The news is flooded with reports of illegal activity online and in the technology world. Groups of pirates sell counterfeit software and make hundreds of thousands of dollars doing so. Many of the alleged software pirates hail from countries outside of the U.S. where the long arm of the law traditionally can’t reach.

Things are changing though and The New York Times reports that a court in southern China has convicted 11 people for violation of international copyright laws. The 11 people were working in a sophisticated software-counterfeiting ring that ran for years manufacturing and distributing pirated Microsoft Software around the world.

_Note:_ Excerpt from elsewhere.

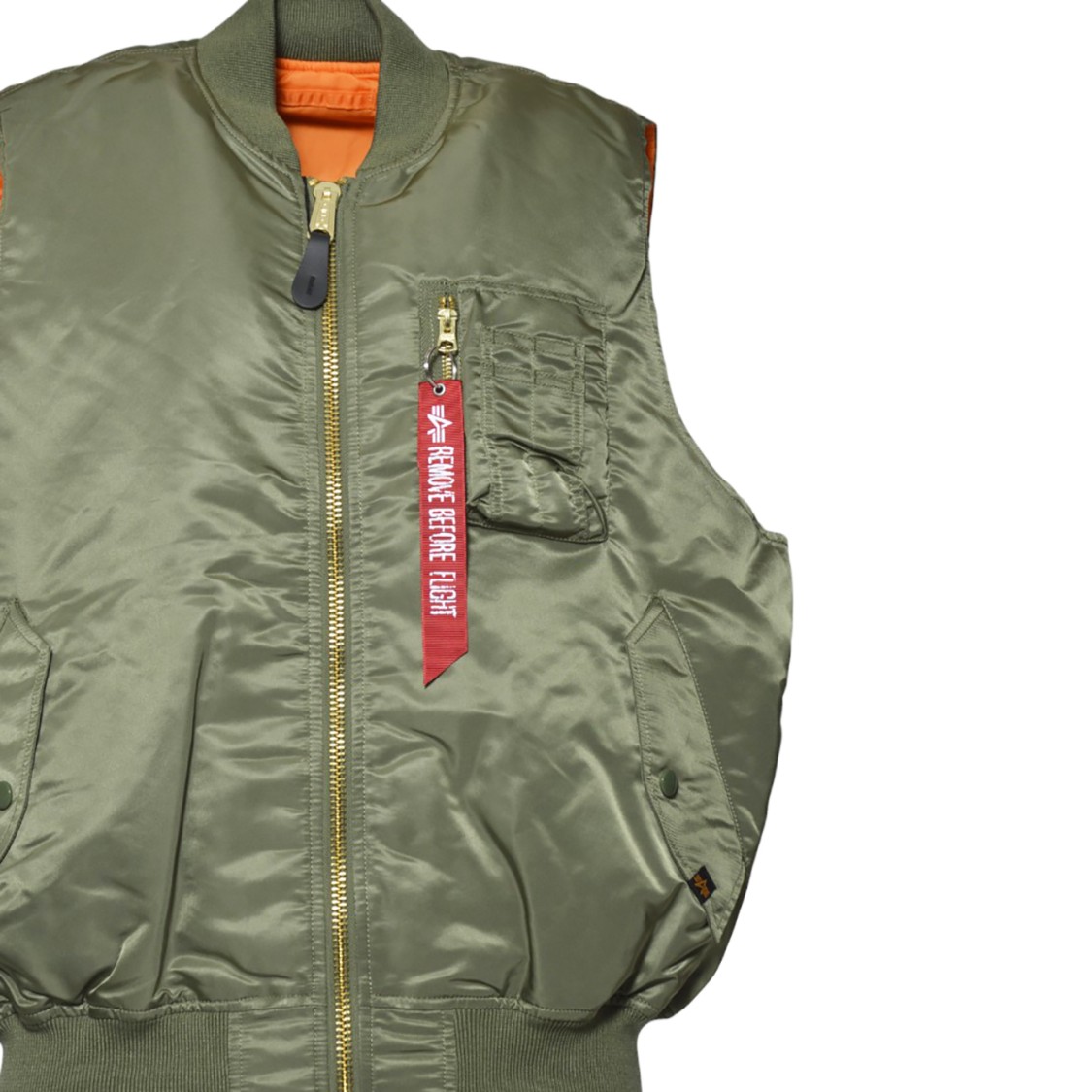 ALPHA INDUSTRIES ALPHA INDUSTRIES NYLON GILET WITH BOMBER DESIGN AND VIBRANT LINING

The 11 men were sentenced to terms ranging from 18 months to over six years in Chinese prison. Microsoft was very happy for the sentences handed down and said in a statement released Wednesday, "[The prison terms are] the stiffest sentences ever handed down in this type of Chinese copyright infringement case."

The New York Times reports that some legal specialists believe the case to be a landmark of joint anti-piracy efforts between the FBI and Chinese authorities. The counterfeit group that the 11 men operated in is called one of the most sophisticated rings ever seen. Microsoft said, "[The group is] the biggest software counterfeiting organization we have ever seen, by far."

The counterfeit products produced were of such high quality that they were difficult to tell from authentic software. The counterfeit goods were packaged in similar packaging and even had counterfeit Microsoft authenticity certificates. The counterfeit ring produces software like Windows XP and Office 2007 and was broken up in July of 2007 according to The New York Times.

Associate general counsel for Microsoft, David Finn said, "This is absolutely unprecedented. The size and scope of the operation is unlike anything we’ve seen before. We found their products in 36 countries."

The case is cited to illustrate the point that software pirates are becoming increasingly sophisticated in their methods and can export fully packaged, high-quality software products. Microsoft says that even customs officials were fooled by the counterfeit software and the fake Microsoft "Certificates of Authenticity." According to officials, the ring wasn't selling the software inside China and was exporting the goods to foreign markets where profits were higher.

Chinese and FBI officials say that hundreds of millions in software was seized in different international raids. The Shenzhen court where the 11 men were sentenced found that the men had sold less than $200,000 in counterfeit products overseas. With the alleged worth of the counterfeit goods confiscated in raids it's unknown if there are more people working in the counterfeit rings still at large or if other people within the ring simply took a larger portion of the ill-gotten gains.

The software was said to be produced on machinery costing millions of dollars to purchase with packaging and materials in several languages including English, German, Spanish, and others. Warehouses were found connected to the ring that had molding machines, gilding machines, sealing machines, and air compressors stored inside.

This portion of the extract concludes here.